Hi @richardbeare , thank you for your comment and contribution. I have taken a look at your code and actually had been working (a bit) on implementing something similar to what you wrote; i.e., using a table/helper function/etc. to simplify working with data. However, I am not sure I would like to incorporate the (exact) proposed approach, as it will require a lot of changes and testing to make sure everything interoperates correctly. As far as I remember, much of the "ugly" code is in the "user scripts" for which I give examples in the User Guide. Although I know that analysis_random_graphs is similar, but that was never written as a "true" function. In general I have tried to stick to the Unix philosophy, but as you have noticed I wasn't successful in many places.

I will think more about your proposal, and other ideas for brainGraph functions in the near future; I am pretty swamped at the moment with more pressing tasks.

richardbeare commented 5 years ago

Thanks for the interest. This PR is intended as a place holder and something to think about. There are lots of bits and pieces in brainGraph, and I haven't used them all yet, so I can't be sure that this idea would fit everywhere. Part of my thought was that, even as an extremely experienced R user (20+ years), and previous implementer of similar tools for python/networkx, I found it tricky to work my way through the user guide - thus a simplification/standardization of some of the approaches may ease the learning curve and increase uptake.

I am sure it will appear as though you are throwing away some existing code implementing this, and there will be largish changes required. However I suspect it will lead to a more flexible and easier to maintain code base. The one point I wasn't able to confirm myself was whether any of the post normalization and pre stats analysis steps needed to know about the grouping structures? Are you able to point out the areas where you think problems are most likely?

Happy to discuss further, and may have questions as I move my collaborators to use brainGraph instead of my old networkx code.

cwatson commented 5 years ago

Yes, I figured it was meant to be a placeholder.

I'm not surprised you found working through the User Guide to be tricky. It began as a dump of old code/workflows/ideas and has grown and changed as I add features and learn more, myself, about network analysis and R programming.

I have always been less-than-happy with all of the nesting, so I will definitely consider a more intuitive approach.
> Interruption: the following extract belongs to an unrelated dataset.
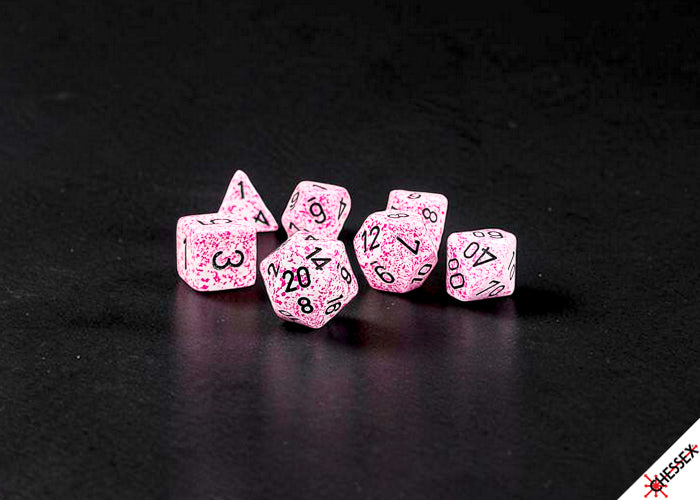 CHESSEX DICE - SPECKLED PINK 7-DIE SET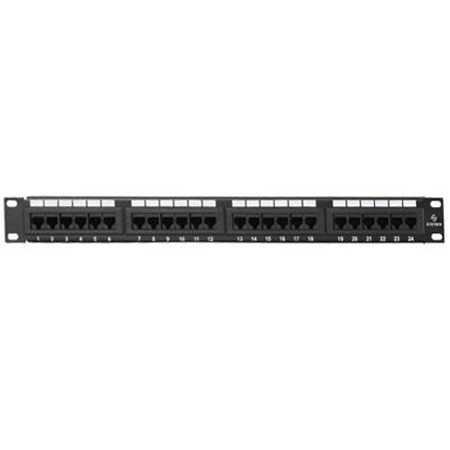 Panel De Parchero  24 Puertos  Cat6   Negro (AW191NXT06)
I can't remember off the top of my head which functions need to know about the grouping structure, but I think mtpc is one of them. There are probably some others.

cwatson commented 4 years ago

Sorry for such a long delay, @richardbeare . I appreciate your pull request as it pushed me in a somewhat different direction. In the latest version (3.0.0), there is new functionality that reduces the issue of nesting especially, and I hope overall usability is much improved. I will close the pull request but feel free to share your thoughts.